This week the #puzzle is: How Long Is the River? #probability (Link at the bottom.)
| … a phenomenon known as a “river”, where spaces between words diagonally align from one line of text to the next. |
| Before getting to rivers, let’s figure out where spaces are likely to appear in the (fictional) Fiddlish language, which includes only three- and four-letter words. These words are separated by spaces, but there is no other punctuation. |
| Suppose a line of Fiddlish text is generated such that each next word has a 50 percent chance of being three letters and a 50 percent chance of being four letters. |
| Suppose a line has many, many, many words. What is the probability that any given character deep into the line is a space? |
And for extra credit:
| Fiddlish is written using a monospace font, meaning each character (including spaces) takes up the same amount of horizontal space. As before, lines of text are very, very long, and each next word has a 50 percent chance of being three letters and a 50 percent chance of being four letters. Each line begins with a new word (i.e., words at the end of a line are not hyphenated into the next line). |
| Suppose the 12th character of a specific line of text is a space. You want to know how long the river down and to the right from this space will be. For example, suppose the 13th character on the next line and the 14th character on the line after that are both spaces, but the 15th character on the very next line is not a space. In this case, the river would have a length of 3. (By this definition, the length of the river is always at least 1.) |
| On average, how long do you expect the resulting river from the given space (again, the 12th character in its line) to be? |

Highlight to reveal (possibly incorrect) solution:
First the gung-ho approach.
If we’re way out on a long line, everything is very, very random and evenly distributed. It’s therefore safe to assume, we’ve landed on a position somewhere in the sequence “aaa bbbb ” (a 3 letter word, a space, a 4 letter word). Of these 9 characters, 2 are spaces. The probability of landing on a space is 2/9 = 0.222.
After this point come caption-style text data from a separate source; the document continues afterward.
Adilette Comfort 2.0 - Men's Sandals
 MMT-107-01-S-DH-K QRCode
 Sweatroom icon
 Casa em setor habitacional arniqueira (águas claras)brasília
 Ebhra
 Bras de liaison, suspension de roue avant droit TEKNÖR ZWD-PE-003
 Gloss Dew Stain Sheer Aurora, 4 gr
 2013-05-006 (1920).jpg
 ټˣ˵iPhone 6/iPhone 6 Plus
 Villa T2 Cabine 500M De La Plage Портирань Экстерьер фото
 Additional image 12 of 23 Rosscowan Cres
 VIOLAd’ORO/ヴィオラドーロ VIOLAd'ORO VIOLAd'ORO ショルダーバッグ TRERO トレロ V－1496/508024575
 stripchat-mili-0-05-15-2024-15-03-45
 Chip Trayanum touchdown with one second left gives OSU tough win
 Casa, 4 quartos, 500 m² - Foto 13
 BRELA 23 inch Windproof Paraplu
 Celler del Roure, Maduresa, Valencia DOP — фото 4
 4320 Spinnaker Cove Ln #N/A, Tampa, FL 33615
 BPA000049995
Then a slightly more sober approach.
- p(n) is the probability the nth character in the line is a space
- p(1) = 0
- p(2) = 0
- p(3) = 0
- With probability 0.5, the first space is either in position 4 or 5
- p(4) = 0.5
- p(5) = 0.5
- If there’s a space 4 positions away, with p(n-4), and then a 3 letter word, p = 0.5 or a space 5 positions away, with p(n-5), and then a 4 letter word, p = 0.5, then there’s a space at position n
- p(n) = p(n-4) * 0.5 + p(n-5) * 0.5
- p(6) = 0
- p(7) = 0
- p(8) = 0.5 * 0.5 + 0 = 0.25
- p(9) = 0.5 * 0.5 + 0.5 * 0.5 = 0.5
- p(10) = 0 + 0.5 * 0.5 = 0.25
- p(11) = 0
- p(12) = 0.125
- p(13) = 0.375
- p(14) = 0.375
- p(15) = 0.125
- p(16) = 0.0625
And then I plug the formula into a program. p(1000) = 0.222. And that’s the result.
And for extra credit:
Probability that the river has length 1, because line 2, position 13 wasn’t a space: 1 – p(13) = 1 – 0.375 = 0.625.
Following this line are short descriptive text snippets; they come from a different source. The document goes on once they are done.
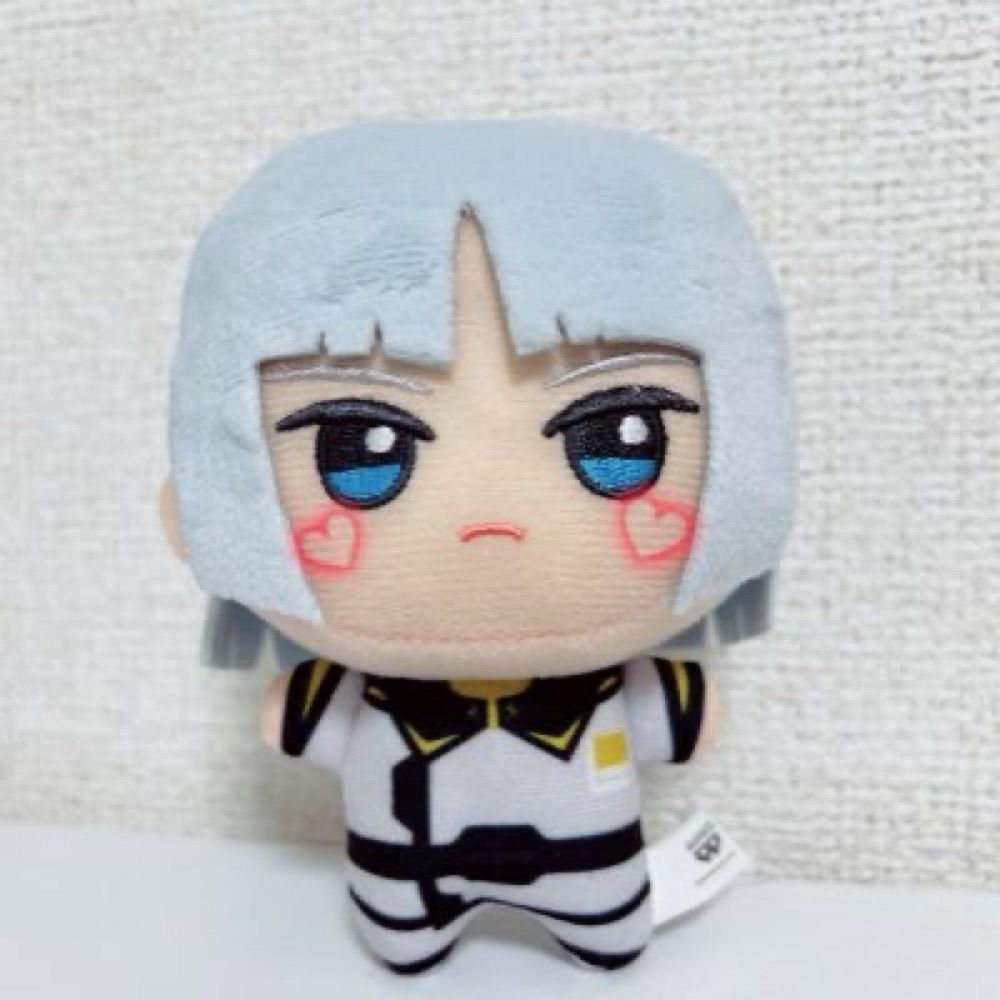 彩 -サイ-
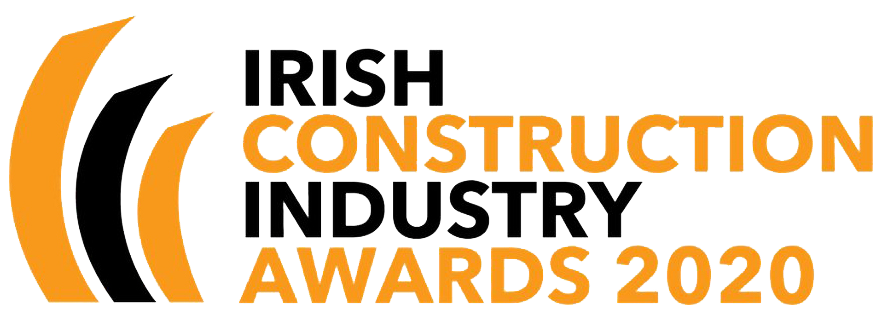 2020 Irish Construction Industry Awards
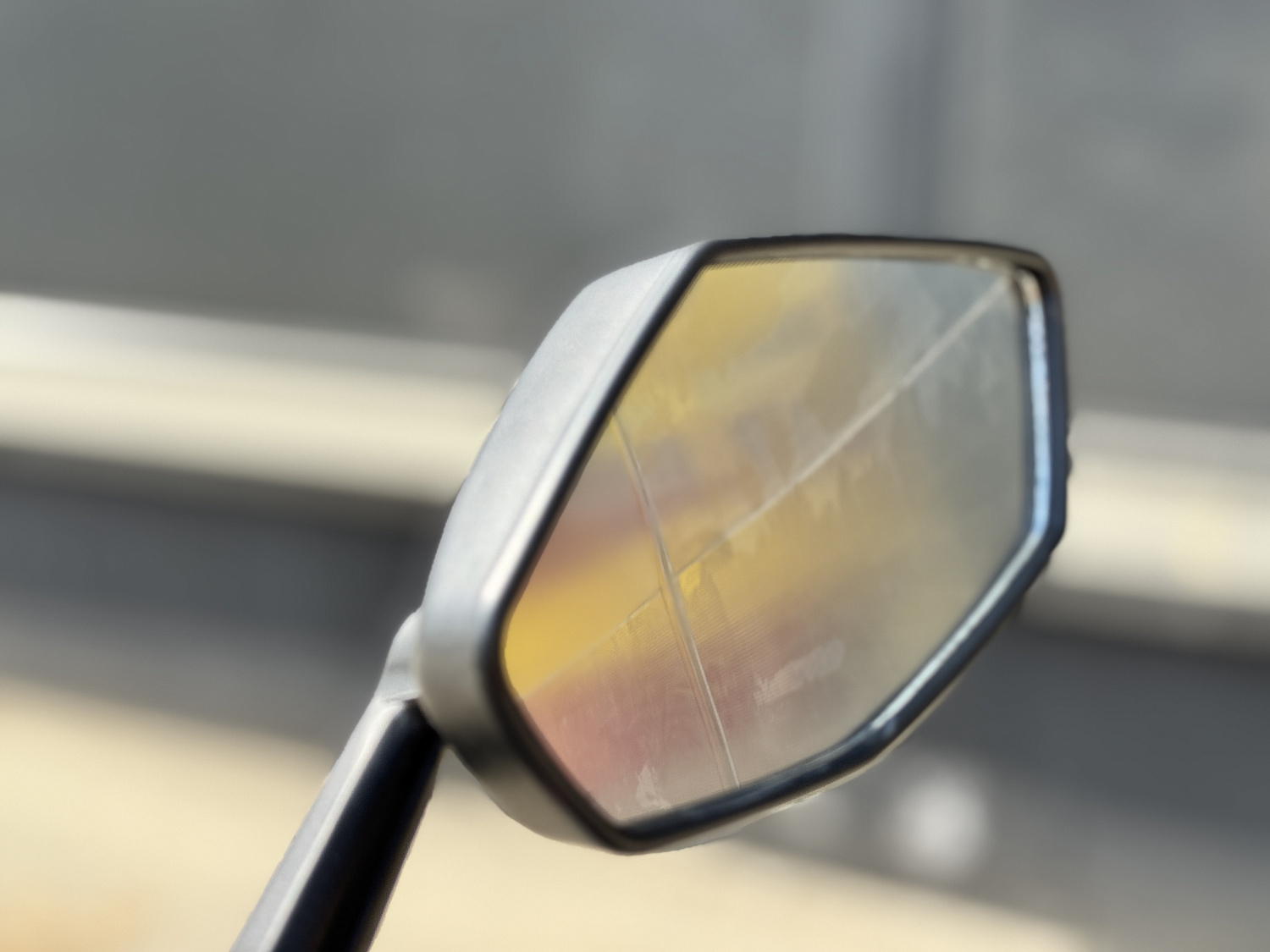 Мотоцикл PROMAX CB300 в Смоленске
Probability … 2, because line 3, position 14 wasn’t a space: p(13) * (1 – p(14)) = 0.375 * 0.625 = 0.234.
Probability … 3, … 4, position 15 …: p(13) * p(14) * (1 – p(15)) = 0.375 * 0.375 * 0.875 = 0.123.
Probability … 4 …: p(13) * p(14) * p(15) * (1 – (16)) = 0.375 * 0.375 * 0.125 * 0.9375 = 0.016.
And so on.
The expected length of the river is 1 * 0.625 + 2 * 0.234 + 3 * 0.123 + 4 * 0.016 + …
Or 1.526 + some more.
I also plug this into my program and get 1.5347. I also try to Monte Carlo the problem and get about the same result.